The setting opens beyond the rural village gates, and into the land surrounding the home. The father transformed into a physical extension of the land itself.

The clipped brevity as each section unfolds along with the declarative voice of the poem belies the complexity at hand as Zaro creates a palpably embodied and emotionally resonant experience.

The most endearing aspects of Padre Tierra are the moments of shared learning, the nurturing energy in the poem. In one section, the father’s hands grow into the earth with a gentle, non-disruptive knowledge of the life within it: “without disturbing / the geometric insects, / the blind passage of earthworms…”

The poem shines with all this rich interactivity. Memories become intimately present. The details are then folded back into the imagery and the curiosity of the poem returns with the father’s all encompassing wisdom.

For instance, the resting of birds after migration is reflected in the image of his father’s hands resting after work.

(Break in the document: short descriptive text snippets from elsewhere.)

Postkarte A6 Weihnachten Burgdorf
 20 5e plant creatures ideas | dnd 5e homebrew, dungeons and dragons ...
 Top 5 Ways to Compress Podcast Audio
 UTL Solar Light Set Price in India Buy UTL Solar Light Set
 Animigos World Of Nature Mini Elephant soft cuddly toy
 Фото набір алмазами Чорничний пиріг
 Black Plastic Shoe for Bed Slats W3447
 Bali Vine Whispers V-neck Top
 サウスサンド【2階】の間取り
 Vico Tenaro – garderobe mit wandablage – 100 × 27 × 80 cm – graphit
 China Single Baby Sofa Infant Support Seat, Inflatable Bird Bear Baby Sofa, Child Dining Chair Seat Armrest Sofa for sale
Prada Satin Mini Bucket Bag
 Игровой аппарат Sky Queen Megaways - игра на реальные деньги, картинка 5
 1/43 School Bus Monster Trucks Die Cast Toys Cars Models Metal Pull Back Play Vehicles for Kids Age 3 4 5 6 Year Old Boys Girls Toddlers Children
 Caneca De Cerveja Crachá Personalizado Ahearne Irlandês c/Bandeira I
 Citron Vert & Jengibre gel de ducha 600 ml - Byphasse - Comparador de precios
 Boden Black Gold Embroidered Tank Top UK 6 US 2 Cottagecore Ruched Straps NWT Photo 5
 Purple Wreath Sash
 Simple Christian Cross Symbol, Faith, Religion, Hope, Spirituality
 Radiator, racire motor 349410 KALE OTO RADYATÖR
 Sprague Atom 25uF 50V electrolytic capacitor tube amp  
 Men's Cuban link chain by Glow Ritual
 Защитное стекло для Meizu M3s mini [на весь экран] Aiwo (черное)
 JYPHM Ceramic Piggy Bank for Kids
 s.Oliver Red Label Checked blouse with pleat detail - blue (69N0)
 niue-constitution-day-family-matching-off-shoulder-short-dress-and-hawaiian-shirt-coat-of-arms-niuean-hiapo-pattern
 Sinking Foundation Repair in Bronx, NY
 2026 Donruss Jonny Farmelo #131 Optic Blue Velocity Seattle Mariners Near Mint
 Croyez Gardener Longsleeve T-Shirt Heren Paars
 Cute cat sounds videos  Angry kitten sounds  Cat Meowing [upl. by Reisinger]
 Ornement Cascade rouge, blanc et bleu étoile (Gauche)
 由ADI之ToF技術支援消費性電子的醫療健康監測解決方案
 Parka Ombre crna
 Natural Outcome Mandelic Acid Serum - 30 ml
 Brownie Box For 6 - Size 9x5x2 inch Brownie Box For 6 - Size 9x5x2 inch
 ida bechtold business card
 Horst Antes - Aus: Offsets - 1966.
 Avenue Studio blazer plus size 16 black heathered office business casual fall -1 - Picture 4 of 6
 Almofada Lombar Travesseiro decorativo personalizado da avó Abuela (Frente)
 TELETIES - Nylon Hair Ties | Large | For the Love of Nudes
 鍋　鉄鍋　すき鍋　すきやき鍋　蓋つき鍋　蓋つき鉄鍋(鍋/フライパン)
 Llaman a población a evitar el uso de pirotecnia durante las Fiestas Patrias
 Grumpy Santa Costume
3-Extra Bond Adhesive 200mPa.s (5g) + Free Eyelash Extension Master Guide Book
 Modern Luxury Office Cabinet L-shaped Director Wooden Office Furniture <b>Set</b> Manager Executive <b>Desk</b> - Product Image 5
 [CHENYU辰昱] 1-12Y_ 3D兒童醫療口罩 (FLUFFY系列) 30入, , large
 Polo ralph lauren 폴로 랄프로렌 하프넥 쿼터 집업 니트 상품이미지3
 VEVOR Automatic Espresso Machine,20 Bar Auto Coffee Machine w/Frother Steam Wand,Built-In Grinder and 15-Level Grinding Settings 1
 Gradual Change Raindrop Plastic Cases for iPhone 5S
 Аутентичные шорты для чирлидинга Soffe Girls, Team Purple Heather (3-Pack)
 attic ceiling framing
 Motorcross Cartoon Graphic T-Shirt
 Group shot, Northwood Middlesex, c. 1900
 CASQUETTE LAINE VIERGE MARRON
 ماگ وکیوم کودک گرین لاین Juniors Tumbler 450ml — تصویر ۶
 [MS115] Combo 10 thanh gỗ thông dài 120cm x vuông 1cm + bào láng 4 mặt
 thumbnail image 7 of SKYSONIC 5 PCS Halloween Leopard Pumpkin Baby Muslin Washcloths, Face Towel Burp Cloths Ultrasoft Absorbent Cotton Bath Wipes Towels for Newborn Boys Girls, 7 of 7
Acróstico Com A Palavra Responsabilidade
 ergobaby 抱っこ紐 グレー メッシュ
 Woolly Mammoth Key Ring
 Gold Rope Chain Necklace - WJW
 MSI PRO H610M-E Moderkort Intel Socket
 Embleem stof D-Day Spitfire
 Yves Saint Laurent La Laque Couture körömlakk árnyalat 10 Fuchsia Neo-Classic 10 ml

Rather than assuming mere comparisons in Padre Tierra, there is a hyper-closeness to profound connections, a reverence for the father’s body held in a vastness:

We are made of rivers.
I put my finger over
deltas and river mouths
as if I could touch
your veins, Padre Tierra.

The collection oscillates from innocence to an atmosphere of pain and loss, adding depth. The father interwoven and pressed back upon the earth in all its various stages of growth and death. The son joins with the father in exploring the web of intrigue around them.

That a praying mantis
eats the spiders slowly.
First, nibbling on the legs,
one by one, like celery stalks.

By breaking up the poem into sections, Zaro creates effective pauses that allow readers to appreciate the quietness of each piece. There is deft use of rhythm in the collection, a compression.

I hide,
not wanting you to see me.
Your unmoved temper spits out
what I am not.
I hide
in the currant bush. Shelter,
sour dome of red sparks
weightless in the dark.

There is an expansiveness to Padre Tierra that urges readers to pause with a straightforward poetics that ultimately honors a relationship loved into myth itself.

It is refreshing to read such devotion, not only to the words as they stretch between languages, but the deep adoration inherent in the poem, and the collaboration that brought its transformation into being yet again.

About the reviewer: Kathleen Bednarek is a writer living in Pennsylvania. She is a current MFA student and has a MA in Poetry from Wilkes University.